*Dataset entries*

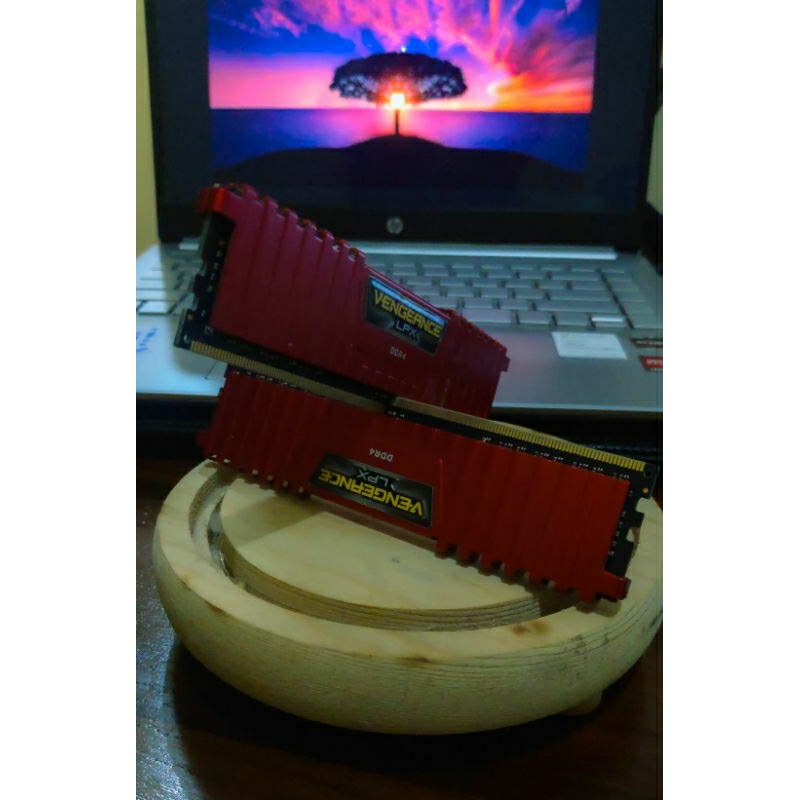 RAM DDR4 4X2 8gb  & Processor Ryzen 5 2600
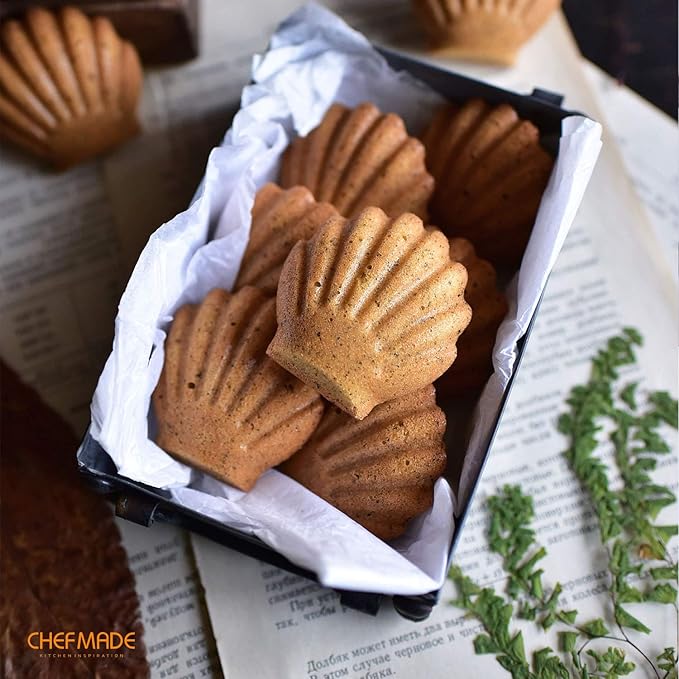 CHEFMADE Madeleine Mold Cake Pan, 12-Cavity Non-Stick Scallop Madeline Bakeware for Oven Baking (Champagne Gold)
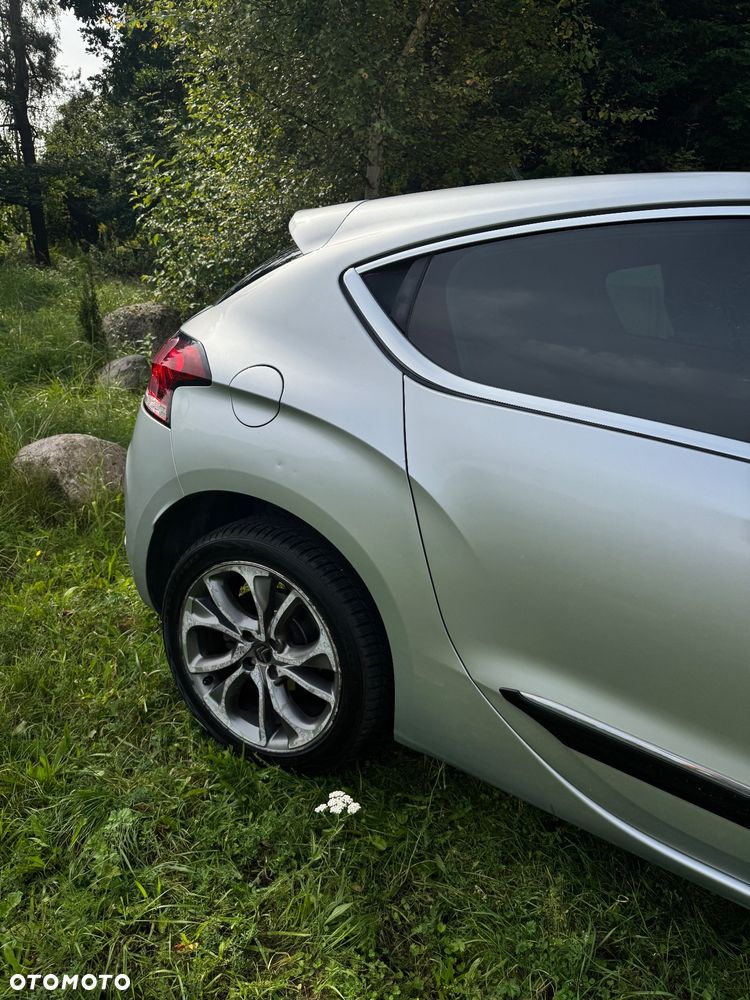 Citroën DS4 2.0 HDi SportChic - 23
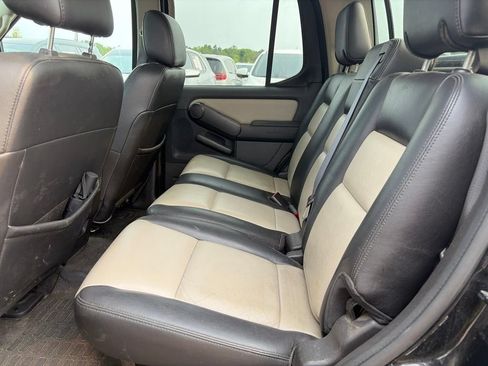 Used 2008 Ford Explorer Sport Trac Limited AWD/4WD image 9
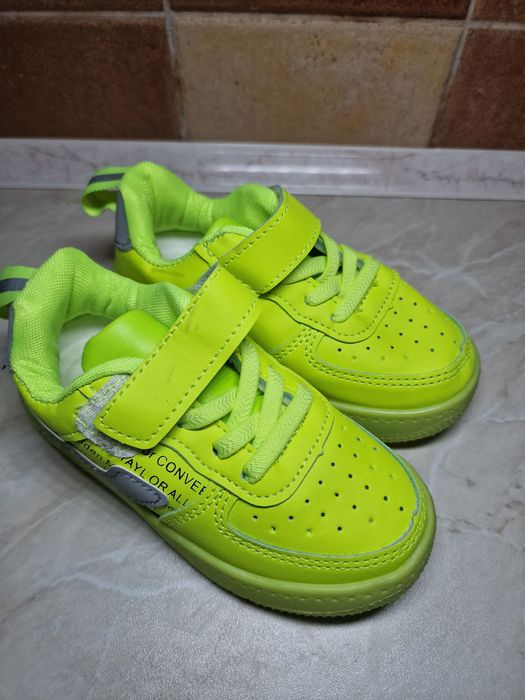 Новая обувь для девочек сапоги кроссовки кеды туфли ботинки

*Exercise aim*
Although the records contain pictures, only the text should be copied, exactly as it stands.

*Result of this task*
 RAM DDR4 4X2 8gb  & Processor Ryzen 5 2600
 CHEFMADE Madeleine Mold Cake Pan, 12-Cavity Non-Stick Scallop Madeline Bakeware for Oven Baking (Champagne Gold)
 Citroën DS4 2.0 HDi SportChic - 23
 Used 2008 Ford Explorer Sport Trac Limited AWD/4WD image 9
 Новая обувь для девочек сапоги кроссовки кеды туфли ботинки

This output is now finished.